The drumbeat for more nuclear power grows louder all the time.

As the demand for more electricity rises inexorably (now agreed at 2 percent a year nationally and more in specific areas), the case for a surge in nuclear power plant development becomes stronger. With their intermittency, solar and wind can’t accommodate the growth alone.

Polls show that public support for nuclear power in the United States is around 60 percent. Environmentalists who once opposed nuclear now endorse it.

Every day, in newspapers and places where opinions are heard, experts claim that the world can’t reach its climate goals without nuclear energy. For the United States, that seems clear. The prognosticators in and out of government say it is so.
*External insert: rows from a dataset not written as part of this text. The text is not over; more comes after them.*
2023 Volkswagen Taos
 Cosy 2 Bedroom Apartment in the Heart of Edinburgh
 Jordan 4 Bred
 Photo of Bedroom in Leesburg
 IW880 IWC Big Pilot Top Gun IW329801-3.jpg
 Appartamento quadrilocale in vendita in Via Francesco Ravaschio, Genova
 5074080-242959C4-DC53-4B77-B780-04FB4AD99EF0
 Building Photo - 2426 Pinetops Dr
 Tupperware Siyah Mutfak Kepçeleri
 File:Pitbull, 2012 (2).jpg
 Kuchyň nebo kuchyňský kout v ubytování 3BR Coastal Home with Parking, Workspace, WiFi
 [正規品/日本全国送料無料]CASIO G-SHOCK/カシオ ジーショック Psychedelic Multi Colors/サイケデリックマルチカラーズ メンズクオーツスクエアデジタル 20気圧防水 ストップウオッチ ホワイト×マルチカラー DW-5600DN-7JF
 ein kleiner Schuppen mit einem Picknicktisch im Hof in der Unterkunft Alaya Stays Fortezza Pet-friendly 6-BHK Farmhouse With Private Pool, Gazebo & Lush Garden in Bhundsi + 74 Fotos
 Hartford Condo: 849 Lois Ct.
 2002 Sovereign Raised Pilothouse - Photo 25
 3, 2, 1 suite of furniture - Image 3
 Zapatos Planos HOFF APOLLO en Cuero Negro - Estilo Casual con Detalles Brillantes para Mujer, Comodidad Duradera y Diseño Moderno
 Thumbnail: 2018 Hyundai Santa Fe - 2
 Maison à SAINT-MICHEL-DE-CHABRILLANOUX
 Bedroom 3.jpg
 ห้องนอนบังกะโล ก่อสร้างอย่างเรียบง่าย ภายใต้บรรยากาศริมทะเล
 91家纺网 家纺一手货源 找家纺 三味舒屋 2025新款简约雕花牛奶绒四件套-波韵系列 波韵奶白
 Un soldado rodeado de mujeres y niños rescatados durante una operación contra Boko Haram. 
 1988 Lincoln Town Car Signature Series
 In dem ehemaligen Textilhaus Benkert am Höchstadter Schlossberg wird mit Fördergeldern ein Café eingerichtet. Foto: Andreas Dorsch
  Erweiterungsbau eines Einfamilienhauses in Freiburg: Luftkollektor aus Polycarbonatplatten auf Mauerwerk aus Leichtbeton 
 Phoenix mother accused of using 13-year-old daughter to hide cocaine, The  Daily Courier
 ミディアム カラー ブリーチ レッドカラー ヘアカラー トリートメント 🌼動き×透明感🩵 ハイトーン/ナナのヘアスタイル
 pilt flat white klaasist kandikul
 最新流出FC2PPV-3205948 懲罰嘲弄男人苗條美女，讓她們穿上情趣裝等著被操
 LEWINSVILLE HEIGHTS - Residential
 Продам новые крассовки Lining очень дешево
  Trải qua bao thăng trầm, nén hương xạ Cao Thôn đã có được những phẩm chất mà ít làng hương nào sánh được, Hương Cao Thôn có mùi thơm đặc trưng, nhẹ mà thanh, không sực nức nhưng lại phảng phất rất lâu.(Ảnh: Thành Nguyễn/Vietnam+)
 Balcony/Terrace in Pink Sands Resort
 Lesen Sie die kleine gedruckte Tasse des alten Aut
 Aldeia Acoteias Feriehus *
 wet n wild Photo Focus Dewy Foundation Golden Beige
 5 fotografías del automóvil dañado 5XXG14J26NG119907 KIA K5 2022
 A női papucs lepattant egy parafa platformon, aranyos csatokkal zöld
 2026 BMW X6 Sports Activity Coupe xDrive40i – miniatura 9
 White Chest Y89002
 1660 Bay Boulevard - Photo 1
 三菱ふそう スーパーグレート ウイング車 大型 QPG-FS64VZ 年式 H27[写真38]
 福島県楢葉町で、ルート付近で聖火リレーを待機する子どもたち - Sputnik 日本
There is political support in both parties, and nuclear has been on a technological march: better safety, better fuel, less steel and concrete. 

A platoon of small modular reactors (SMRs) — which generate 400 megawatts or less of electricity compared to the plants currently operating, which are primarily over 1,000 MW — is in the wings.

The argument for these SMRs has been that because they are smaller, they will be cheaper to build, with much of the fabrication done in a factory, and easier to site.

The first of the breed is from NuScale, which has been under development for more than a decade but recently lost its first U.S. customer, Utah Associated Municipal Power System, because of the rising projected cost of electricity from the plant.

A lot of interest is focused on the Natrium reactor, which is planned for a former coal-fired plant site in Wyoming and backed in part by Bill Gates and with participation from GE Hitachi.

Several utilities are looking at other designs. Of these, only NuScale uses a modified light water system, the technology on which the world’s 400-plus power-generating reactors have been based.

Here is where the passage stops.